This repository hosts the code release for the paper "Orchestrated Value Mapping for Reinforcement Learning", published at ICLR 2022. This work was done by Mehdi Fatemi (Microsoft Research) and Arash Tavakoli (Max Planck Institute for Intelligent Systems).
We release a flexible framework, built upon Dopamine (Castro et al., 2018), for building and orchestrating various mappings over different reward decomposition schemes. This enables the research community to easily explore the design space that our theory opens up and investigate new convergent families of algorithms.
The code has been developed by Arash Tavakoli.
If you make use of our work, please use the citation information below:
@inproceedings{Fatemi2022Orchestrated,
title={Orchestrated Value Mapping for Reinforcement Learning},
author={Mehdi Fatemi and Arash Tavakoli},
booktitle={International Conference on Learning Representations},
year={2022},
url={https://openreview.net/forum?id=c87d0TS4yX}
}
We install the required packages within a virtual environment.
Create a virtual environment using conda
via:
conda create --name maprl-env python=3.8
conda activate maprl-env
Atari benchmark.
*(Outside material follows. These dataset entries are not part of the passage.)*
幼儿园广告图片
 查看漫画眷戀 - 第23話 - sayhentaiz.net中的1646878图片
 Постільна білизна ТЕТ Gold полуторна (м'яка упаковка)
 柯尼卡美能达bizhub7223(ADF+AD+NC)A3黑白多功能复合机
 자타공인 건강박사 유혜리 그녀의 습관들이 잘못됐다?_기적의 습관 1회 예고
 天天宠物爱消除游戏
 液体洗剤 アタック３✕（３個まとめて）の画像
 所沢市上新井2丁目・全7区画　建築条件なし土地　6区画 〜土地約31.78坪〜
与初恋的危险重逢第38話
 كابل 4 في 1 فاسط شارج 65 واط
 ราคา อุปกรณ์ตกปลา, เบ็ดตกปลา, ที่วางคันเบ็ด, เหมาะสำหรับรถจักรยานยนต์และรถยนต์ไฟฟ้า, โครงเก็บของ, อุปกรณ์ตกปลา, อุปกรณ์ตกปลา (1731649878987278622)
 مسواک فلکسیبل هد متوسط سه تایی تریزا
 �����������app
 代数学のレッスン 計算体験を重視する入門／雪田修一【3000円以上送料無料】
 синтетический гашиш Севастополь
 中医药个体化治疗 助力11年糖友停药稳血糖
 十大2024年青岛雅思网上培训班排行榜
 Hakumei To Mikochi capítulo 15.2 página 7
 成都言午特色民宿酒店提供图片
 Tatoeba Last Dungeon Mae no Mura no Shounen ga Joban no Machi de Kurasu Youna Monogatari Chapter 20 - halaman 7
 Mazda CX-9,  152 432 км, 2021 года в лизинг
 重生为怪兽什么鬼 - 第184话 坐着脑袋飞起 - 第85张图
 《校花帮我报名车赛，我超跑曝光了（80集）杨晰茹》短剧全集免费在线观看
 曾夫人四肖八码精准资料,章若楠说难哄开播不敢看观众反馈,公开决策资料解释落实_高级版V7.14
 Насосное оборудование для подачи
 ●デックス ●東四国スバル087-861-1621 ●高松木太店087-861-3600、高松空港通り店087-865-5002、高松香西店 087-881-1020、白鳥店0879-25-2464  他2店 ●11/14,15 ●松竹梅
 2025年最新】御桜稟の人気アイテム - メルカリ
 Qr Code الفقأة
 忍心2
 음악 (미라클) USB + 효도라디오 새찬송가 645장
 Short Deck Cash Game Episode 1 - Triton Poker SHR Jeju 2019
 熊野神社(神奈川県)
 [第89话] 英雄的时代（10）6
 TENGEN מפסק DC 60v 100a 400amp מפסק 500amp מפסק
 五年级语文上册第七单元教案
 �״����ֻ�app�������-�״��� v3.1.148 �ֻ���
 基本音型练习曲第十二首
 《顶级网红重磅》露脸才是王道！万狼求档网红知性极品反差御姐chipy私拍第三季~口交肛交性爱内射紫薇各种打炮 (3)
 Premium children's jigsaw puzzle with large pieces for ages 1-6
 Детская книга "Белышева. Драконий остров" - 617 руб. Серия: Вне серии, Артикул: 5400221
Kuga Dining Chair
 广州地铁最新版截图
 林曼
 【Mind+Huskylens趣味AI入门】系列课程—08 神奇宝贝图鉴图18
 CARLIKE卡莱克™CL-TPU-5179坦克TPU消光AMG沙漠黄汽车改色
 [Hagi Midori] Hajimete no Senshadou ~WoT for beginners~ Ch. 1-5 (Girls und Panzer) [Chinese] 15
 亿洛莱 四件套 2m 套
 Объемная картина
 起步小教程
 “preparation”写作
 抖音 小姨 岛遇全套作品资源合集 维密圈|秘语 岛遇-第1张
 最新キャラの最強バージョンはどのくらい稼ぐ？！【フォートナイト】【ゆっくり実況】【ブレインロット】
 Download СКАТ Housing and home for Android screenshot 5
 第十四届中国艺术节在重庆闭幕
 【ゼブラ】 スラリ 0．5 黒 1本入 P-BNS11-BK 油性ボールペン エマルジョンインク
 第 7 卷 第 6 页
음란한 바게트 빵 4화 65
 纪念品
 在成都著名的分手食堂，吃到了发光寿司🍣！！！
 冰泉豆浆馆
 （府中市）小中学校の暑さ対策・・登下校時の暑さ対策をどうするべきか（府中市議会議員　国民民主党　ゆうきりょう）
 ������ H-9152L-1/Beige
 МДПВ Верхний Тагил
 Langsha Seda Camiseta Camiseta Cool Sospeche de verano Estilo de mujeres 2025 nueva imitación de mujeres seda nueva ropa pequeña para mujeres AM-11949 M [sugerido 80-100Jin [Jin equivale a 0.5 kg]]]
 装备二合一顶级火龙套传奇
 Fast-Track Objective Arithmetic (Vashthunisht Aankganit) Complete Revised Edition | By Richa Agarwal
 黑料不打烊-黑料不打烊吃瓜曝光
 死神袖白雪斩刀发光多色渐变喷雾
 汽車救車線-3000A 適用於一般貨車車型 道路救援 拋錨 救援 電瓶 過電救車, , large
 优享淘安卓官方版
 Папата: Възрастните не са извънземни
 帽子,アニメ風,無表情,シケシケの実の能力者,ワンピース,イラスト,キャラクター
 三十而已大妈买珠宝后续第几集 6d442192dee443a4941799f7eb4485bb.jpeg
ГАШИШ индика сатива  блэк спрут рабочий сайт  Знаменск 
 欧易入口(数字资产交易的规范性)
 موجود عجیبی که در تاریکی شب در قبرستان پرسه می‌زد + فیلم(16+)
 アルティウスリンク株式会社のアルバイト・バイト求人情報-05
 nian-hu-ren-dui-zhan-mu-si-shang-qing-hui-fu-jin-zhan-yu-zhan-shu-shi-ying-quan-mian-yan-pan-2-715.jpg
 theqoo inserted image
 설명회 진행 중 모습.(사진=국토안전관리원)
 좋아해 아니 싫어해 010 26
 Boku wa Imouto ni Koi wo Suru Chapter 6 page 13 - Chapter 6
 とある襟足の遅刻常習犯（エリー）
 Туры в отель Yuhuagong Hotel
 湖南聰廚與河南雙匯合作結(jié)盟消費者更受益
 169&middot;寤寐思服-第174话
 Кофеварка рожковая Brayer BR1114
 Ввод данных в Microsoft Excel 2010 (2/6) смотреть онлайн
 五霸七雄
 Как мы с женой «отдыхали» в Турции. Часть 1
To set up the Atari suite, please follow the steps outlined here.
Install Dopamine. Install a compatible version of Dopamine with pip
:
pip install dopamine-rl==3.1.10
To easily experiment within our framework, install it from source and modify the code directly:
git clone https://github.com/microsoft/orchestrated-value-mapping.git
cd orchestrated-value-mapping
pip install -e .
Change directory to the workspace directory:
cd map_rl
To train a LogDQN agent, similar to that introduced by van Seijen, Fatemi & Tavakoli (2019), run the following command:
python -um map_rl.train \
--base_dir=/tmp/log_dqn \
--gin_files='configs/map_dqn.gin' \
--gin_bindings='MapDQNAgent.map_func_id="[log,log]"' \
--gin_bindings='MapDQNAgent.rew_decomp_id="polar"' &
Here, polar
refers to the reward decomposition scheme described in Equation 13 of Fatemi & Tavakoli (2022) (which has two reward channels) and [log,log]
results in a logarithmic mapping for each of the two reward channels.
Train a LogLinDQN agent, similar to that described by Fatemi & Tavakoli (2022), using:
python -um map_rl.train \
--base_dir=/tmp/loglin_dqn \
--gin_files='configs/map_dqn.gin' \
--gin_bindings='MapDQNAgent.map_func_id="[loglin,loglin]"' \
--gin_bindings='MapDQNAgent.rew_decomp_id="polar"' &
To instantiate a custom agent, simply set the mapping functions for each channel and a reward decomposition scheme. For instance, the following setting
MapDQNAgent.map_func_id="[log,identity]"
MapDQNAgent.rew_decomp_id="polar"
results in a logarithmic mapping for the positive-reward channel and the identity mapping (same as in DQN) for the negative-reward channel.
To use more complex reward decomposition schemes, such as Configurations 1 and 2 from Fatemi & Tavakoli (2022), you can do as follows:
MapDQNAgent.map_func_id="[identity,identity,log,log,loglin,loglin]"
MapDQNAgent.rew_decomp_id="config_1"
To instantiate an ensemble of two learners, each using a polar
reward decomposition, use the following syntax:
MapDQNAgent.map_func_id="[loglin,loglin,log,log]"
MapDQNAgent.rew_decomp_id="two_ensemble_polar"
To implement custom mapping functions and reward decomposition schemes, we suggest that you draw on insights from Fatemi & Tavakoli (2022) and follow the format of such methods in map_dqn_agent.py to design yours.